The splits that lead to each leaf are shown above the predicted value and fractions. The same variable can be involved in
more than one split. For instance, the leaf labeled “NODE = 2” covers the region where DELINQ
is between 1 and 8, between 10 and 13, or is equal to 15, and the region where DELINQ
is also between 5 and 8, between 10 and 13, or is equal to 15. In other words, the variable DELINQ
is split twice in succession.
By preserving multiple splits of the same variable rather than merging them, the rules description makes it possible to traverse
the splits from the bottom of the tree to the top.
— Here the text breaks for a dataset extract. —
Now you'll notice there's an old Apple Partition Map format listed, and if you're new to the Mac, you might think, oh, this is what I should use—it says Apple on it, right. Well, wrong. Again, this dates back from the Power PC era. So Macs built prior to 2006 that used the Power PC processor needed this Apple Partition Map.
For the leaf labeled “NODE=10”, the data set was first split on DELINQ
and the subset with DELINQ
=0 or where the value for DELINQ
was missing were split again on CLAGE
, with those observations having CLAGE
>=186.91737 going to node 10. At this leaf (node 10), the predicted value for BAD is 0 because the majority of the observations
(94%) have value 0.
The SCORE statement saves scores for the observations in a SAS data set named SCORED2
. Output 9.1.1 lists the first ten observations of SCORED2
.
Output 9.1.1: Scored Input Data Set (HMEQ)
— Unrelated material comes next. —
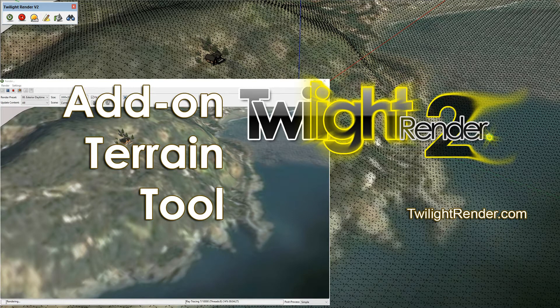Welcome to Twilight Render's Getting Started Video Tutorial Series. This is Terrain Tool Add-on for Twilight Render Pro.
Obs | BAD | _NODE_ | _LEAF_ | P_BAD1 | P_BAD0 | V_BAD1 | V_BAD0 |
---|---|---|---|---|---|---|---|
1 | 1 | 8 | 3 | 0.17391 | 0.82609 | 0.18808 | 0.81192 |
2 | 1 | 5 | 2 | 0.36823 | 0.63177 | 0.36126 | 0.63874 |
3 | 1 | 8 | 3 | 0.17391 | 0.82609 | 0.18808 | 0.81192 |
4 | 1 | 8 | 3 | 0.17391 | 0.82609 | 0.18808 | 0.81192 |
5 | 0 | 8 | 3 | 0.17391 | 0.82609 | 0.18808 | 0.81192 |
6 | 1 | 8 | 3 | 0.17391 | 0.82609 | 0.18808 | 0.81192 |
7 | 1 | 5 | 2 | 0.36823 | 0.63177 | 0.36126 | 0.63874 |
8 | 1 | 8 | 3 | 0.17391 | 0.82609 | 0.18808 | 0.81192 |
9 | 1 | 5 | 2 | 0.36823 | 0.63177 | 0.36126 | 0.63874 |
10 | 1 | 8 | 3 | 0.17391 | 0.82609 | 0.18808 | 0.81192 |
The variables _LEAF_
and _NODE_
show the leaf to which the observation was assigned. The variables P_BAD0
and P_BAD1
are the proportions of observations in the training set that have BAD
=1 and BAD
=0 for that leaf. The variables V_BAD0
and V_BAD1
are the proportions of observations in the validation set that have BAD
=1 and BAD
=0 for that leaf. For information about the variables in the scored data set, see the section Outputs.